* REQUIRED WORK
This calls for a verbatim copy of all the data, with no images carried over.

* DATA BLOCK
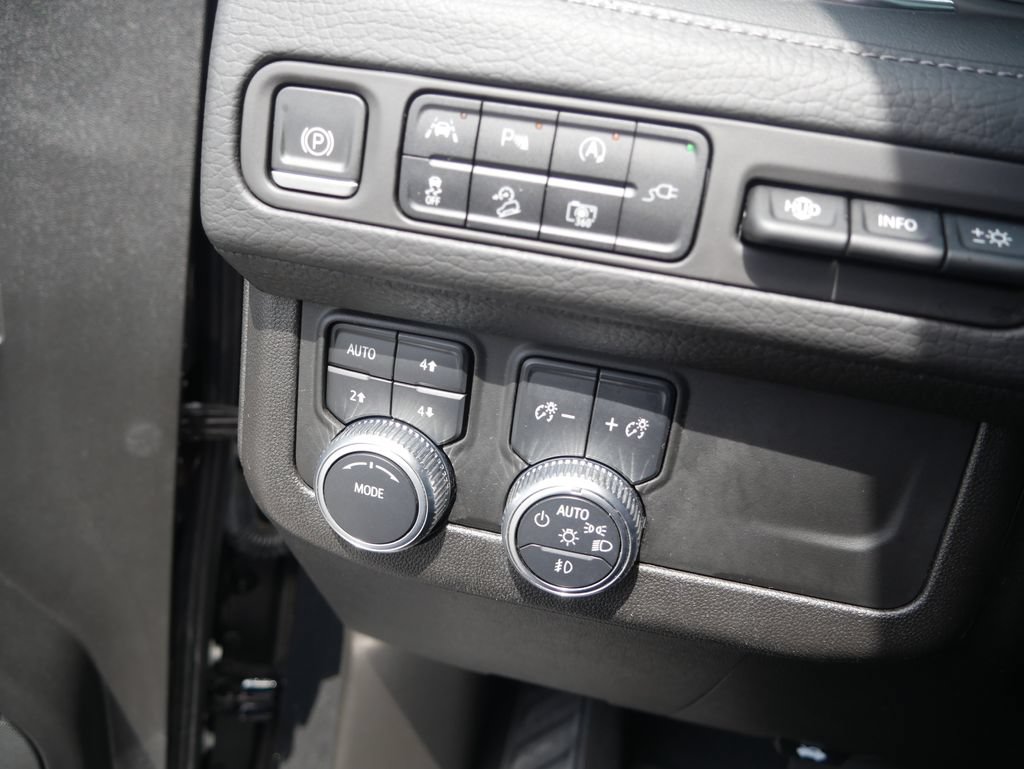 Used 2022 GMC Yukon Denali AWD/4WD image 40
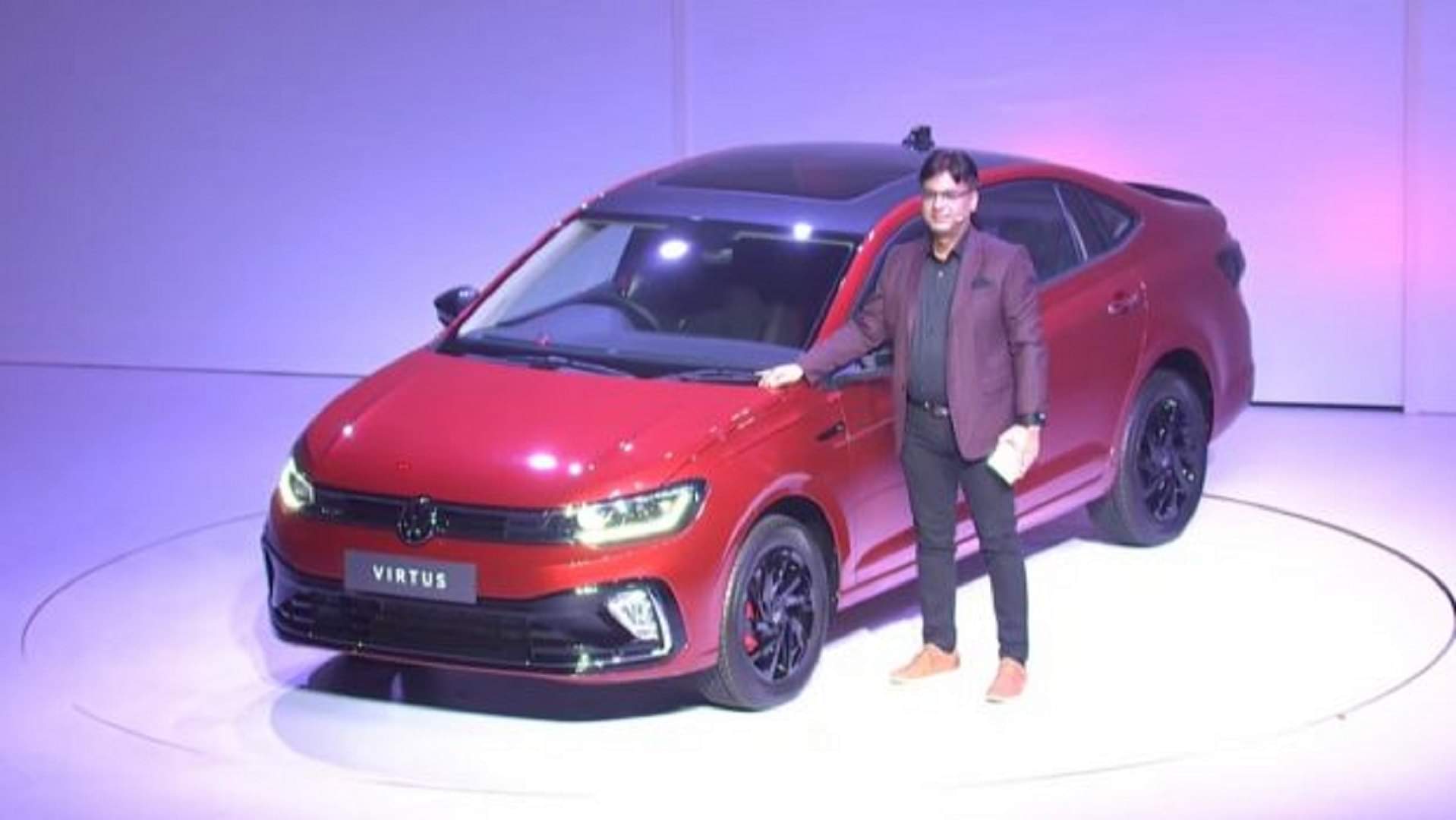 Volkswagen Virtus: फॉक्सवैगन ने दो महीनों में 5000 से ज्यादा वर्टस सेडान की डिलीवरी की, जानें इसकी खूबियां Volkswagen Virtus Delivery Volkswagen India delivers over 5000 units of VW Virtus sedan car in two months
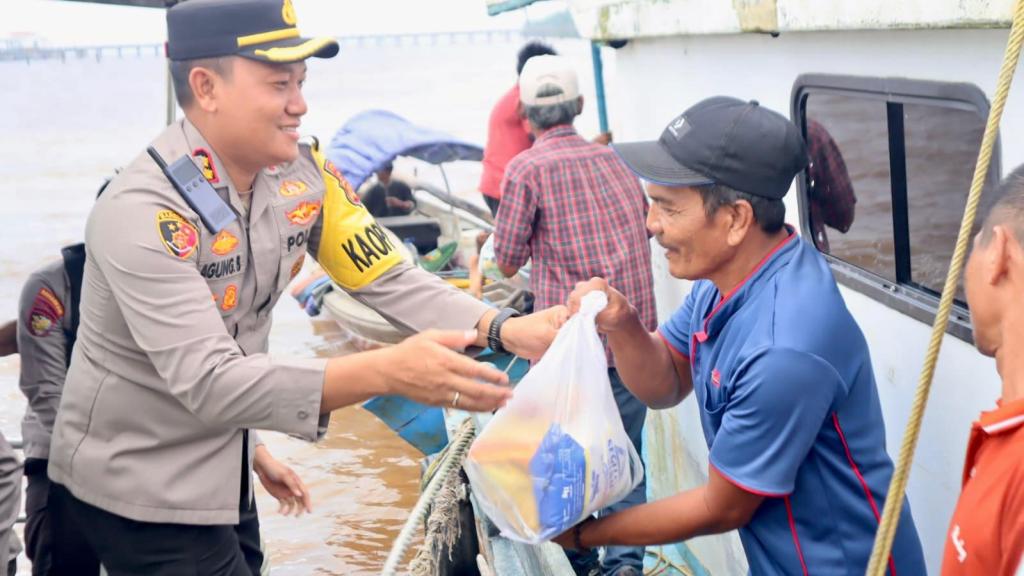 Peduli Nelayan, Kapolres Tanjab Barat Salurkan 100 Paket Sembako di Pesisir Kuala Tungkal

* YOUR SOLUTION
 Used 2022 GMC Yukon Denali AWD/4WD image 40
 Volkswagen Virtus: फॉक्सवैगन ने दो महीनों में 5000 से ज्यादा वर्टस सेडान की डिलीवरी की, जानें इसकी खूबियां Volkswagen Virtus Delivery Volkswagen India delivers over 5000 units of VW Virtus sedan car in two months
 Peduli Nelayan, Kapolres Tanjab Barat Salurkan 100 Paket Sembako di Pesisir Kuala Tungkal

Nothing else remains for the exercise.